Zalazar verwandelte sicher zum 2:2-Endstand

Fritz sah dies als Foul an und entschied auf Strafstoß. Es war eine Interpretation der Szene, die vertretbar, aber auch nicht zwingend geboten war, zumal Daschner seinerseits kaum eine Chance hatte, an den Ball zu kommen.

Wie schon beim Strafstoß zum zwischenzeitlichen 1:1 gegen Nürnberg nahm sich der gerade einmal 21 Jahre alte Rodrigo Zalazar wie selbstverständlich der Sache an und verwandelte sicher zum 2:2-Endstand. „Ich finde es cool, dass so ein junger Spieler, der gerade erst seit zwei, drei Monaten in der Gruppe ist, sich in so einer Situation einfach den Ball nimmt. Das hätte ich in dem Alter nie gemacht“, sprach Trainer Schultz dem Leihspieler von Erstligist Eintracht Frankfurt ein Sonderlob aus. „Er kann die Sprache kaum, geht voran, übernimmt Verantwortung und haut das Ding eiskalt rein. Das ist schon gut und zeigt die Mentalität des Jungen“, sagte er weiter über den in Spanien geborenen und aufgewachsenen Uruguayer. „Der macht sich keinen Kopf, er spielt drauflos und macht einfach.“

Der FC St. Pauli in der Einzelkritik

Rund 15 Minuten vor dem dramatischen Schlussakt hatte der eingewechselte Mittelfeldspieler Rico Benatelli mit dem Anschlusstreffer zum 1:2 überhaupt erst möglich gemacht, dass sein Team mit der praktisch letzten Aktion des Spiels noch zu einem Punkt kommen und die zweite Saisonniederlage vermeiden konnte.

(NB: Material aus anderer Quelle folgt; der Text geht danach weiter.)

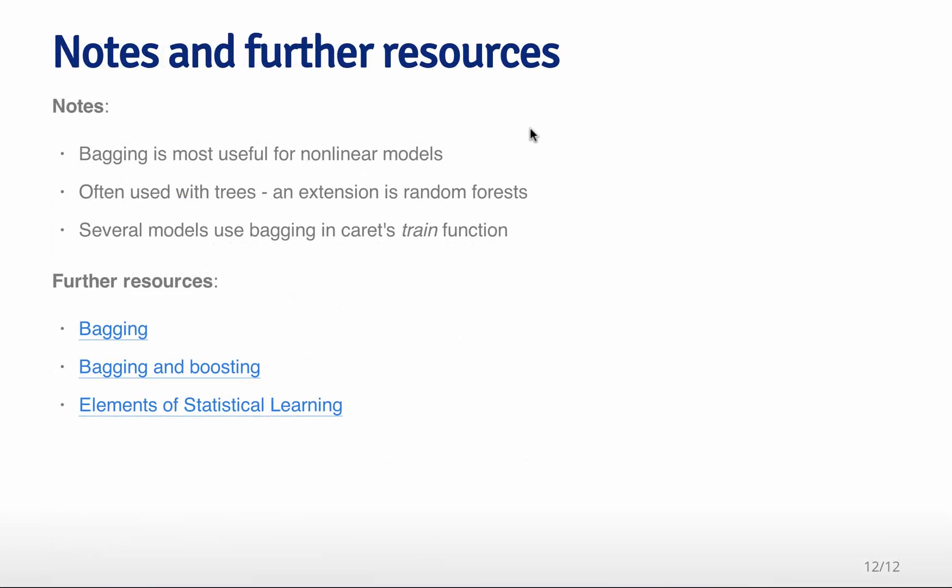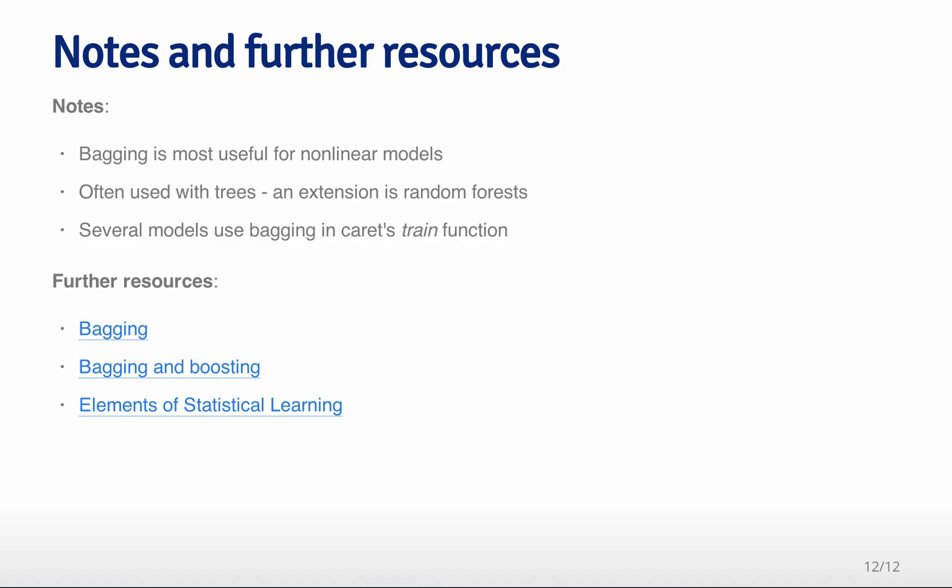Bagging is very useful for nonlinear models, and it's widely used. It's often used with trees, and you can think of an extension to this as being random forests, which we'll talk about in a future lecture. Several models use bagging in caret's main train function like I told you about in previous slides, and you can also build your own specific bagging functions for any classification or prediction algorithm that you'd like to take a look at. For further resources, I've linked to a couple of different tutorials on bagging and boosting, as well as Elements of Statistical Learning, which has a lot more details about how bagging works. Remember that the basic idea is to resample your data, refit your nonlinear model, then average those model fits together over resamples to get a smoother model fit than you got from any individual fit on its own.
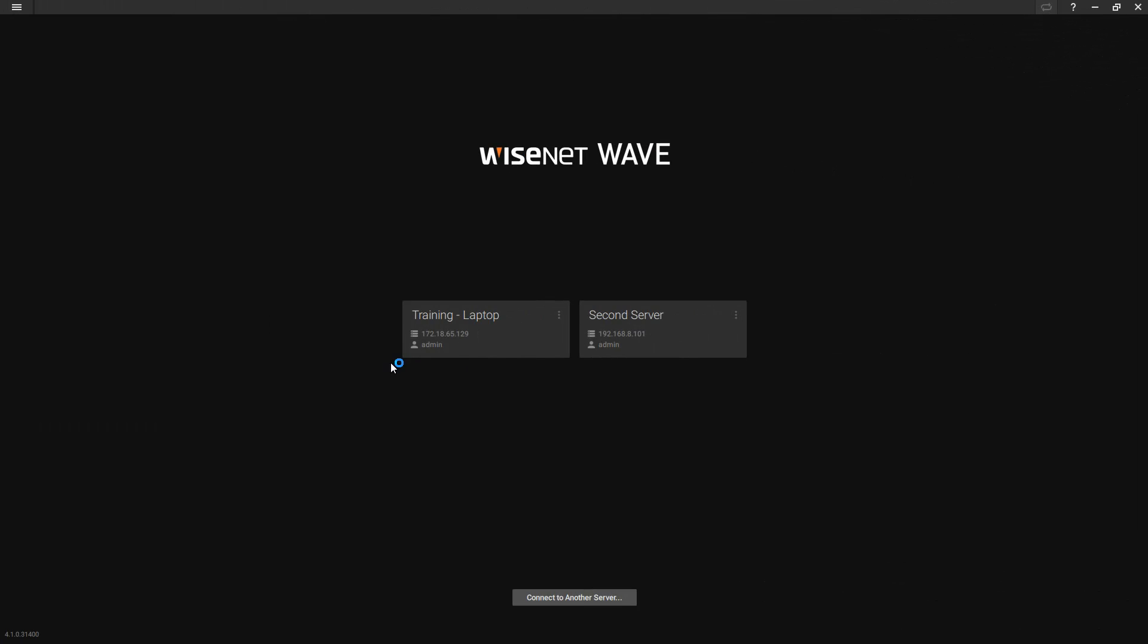Hello. Today we're going to be talking about Wisenet Wave, the systems and merging. The first portion of this video, we are going to talk about local merging of systems. In other parts of this video, we will talk about cloud-based merging and then we will also talk about unmerging systems.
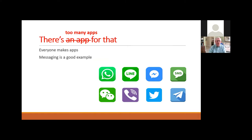Early on there was an expression: there's an app for that. Well, there can also be too many apps for that. Messaging is a good example — I have lined up eight different messaging apps on this screen, including Twitter and SMS.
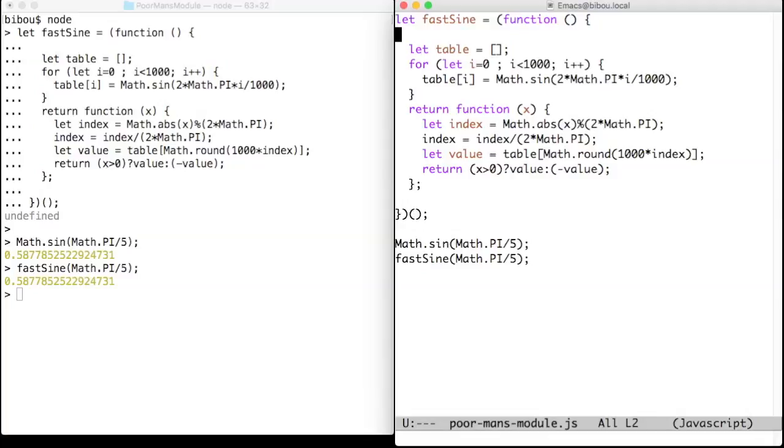So we want to define a function with some accompanying data that must be kept private to that function and must not pollute the global environment.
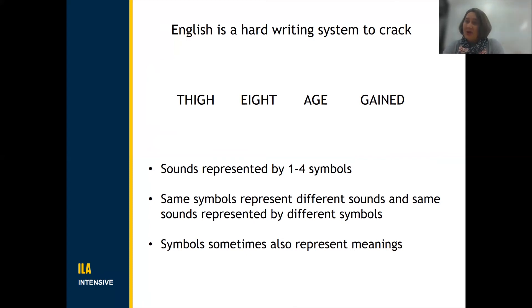Symbols can also sometimes represent meanings, as in the 'ed' in 'gained'.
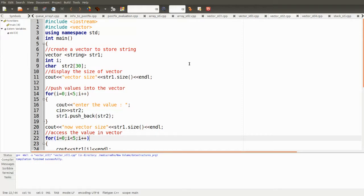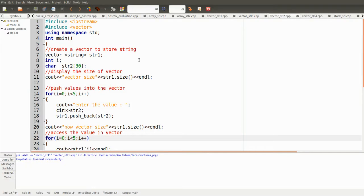Here are some more examples of vector application. You have to include the vector header — vector is a template available in the C++ library, just like how you include iostream. Then we are declaring a string str1 which is of type vector and can hold string data. Initially, printing the size of the array will return zero because we have not initialized str1 with any value.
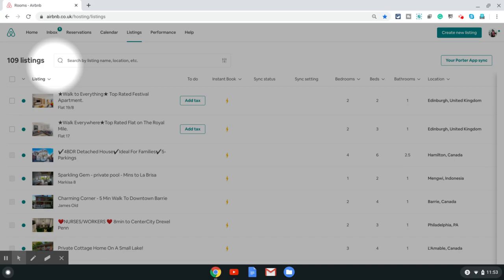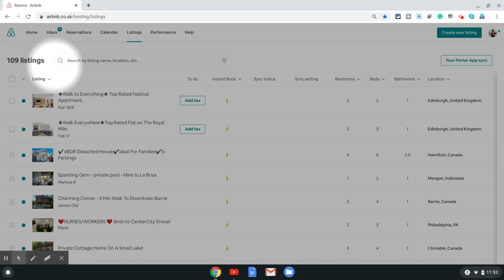In this video I'm going to show you how to find your Airbnb calendar URL if you're trying to connect your Airbnb listing to an external app. It could be a channel manager or an external calendar, it could be a Google calendar, or any other reason.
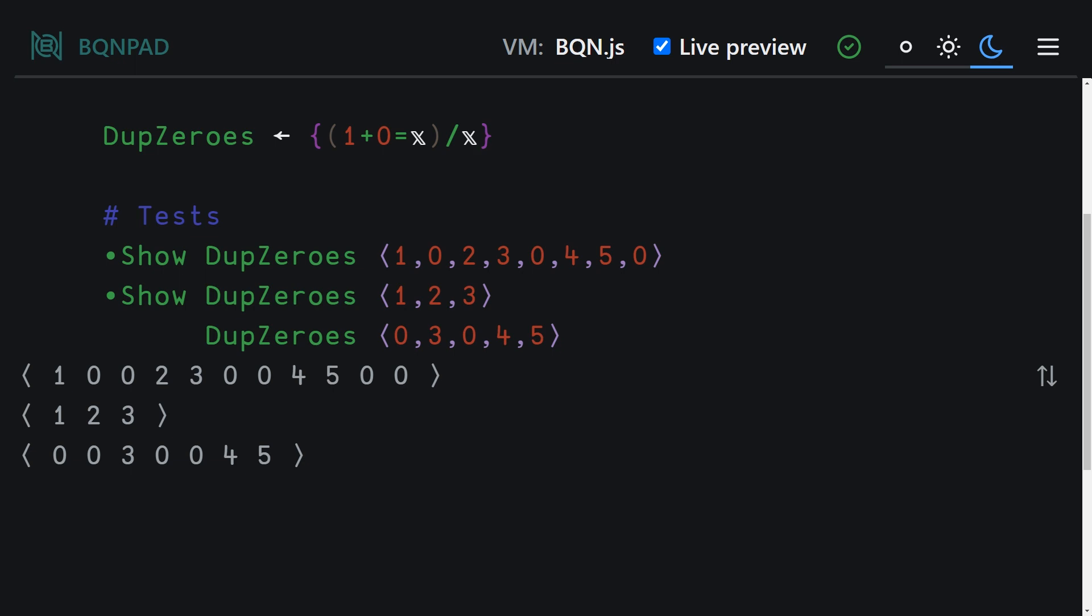And if we do that, basically it's going to apply a copy to each of the values for however many times the value on the left said. So everywhere there was a zero, we get two zeros now. Everywhere there was a non-zero, we just get the same value once.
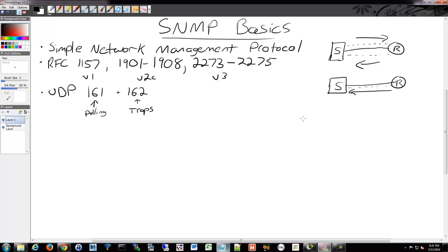For traps to work, the router or switch must have the SNMP server IP configured on it. For polling, the device doesn't need the server's IP configured because the server is the one making the request — it just needs a community string, essentially a password. Usually you'll set up both.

Neben der Stehauf-Mentalität stimmt auch die körperliche Fitness der Spieler

„Er sammelt Pluspunkte. Ich bin froh, dass wir Rico dabeihaben, er bringt mit seiner Ballsicherheit noch einmal ein ganz anderes Element auf den Platz“, stellte Schultz treffend fest und entschuldigte sich fast dafür, dass er Benatelli nicht für die Startelf vorgesehen hatte. „Er ist wirklich eng dran.“

Tatsache ist, dass St. Pauli genau die Hälfte seiner bisher zehn Saisontore nach der 77. Spielminute und jeweils mit frischem Personal auf dem Platz erzielt hat. Auch dies ist im Vergleich zur vergangenen Saison, als späte Tore eine Rarität waren, eine massive Verbesserung. Gleichzeitig ist dies ein Beleg dafür, dass neben der Stehauf-Mentalität auch die körperliche Fitness der Spieler stimmt.

Mit der Belohnung für die gezeigte Moral im Rücken richtet sich jetzt nach einem trainingsfreien Montag auch bei St. Pauli der Blick auf das Stadtderby am Freitagabend (18.30 Uhr) beim HSV. „Wir freuen uns auf das Derby. Aber wir müssen erst einmal einen Haken hinter das Spiel in Darmstadt machen und gucken, wer heil rausgekommen und wer fürs nächste Spiel einsatzfähig ist. Dann werden wir uns gut vorbereiten auf den HSV. Darauf freuen sich alle Fans, wir wissen auch, was das bedeutet und sind guter Dinge, dass wir etwas reißen können“, sagte Schultz. Immerhin gilt es, nach den beiden 2:0-Siegen in der vergangenen Saison den „Titel“ des Stadtmeisters zu verteidigen.

Stürmer Simon Makienok kann wegen seiner Körpergröße (2,01 Meter) bisher bei den Spielen nur ein Fantrikot (Replika) und kein offizielles Spielertrikot (Authentic) tragen. Weil auf den Replika-Hemden die Regenbogen-Applikation auf der Rückseite nicht regelkonform verarbeitet ist, musste sie bisher abgetrennt werden. Dies soll künftig korrigiert werden, teilte der Verein am Wochenende mit.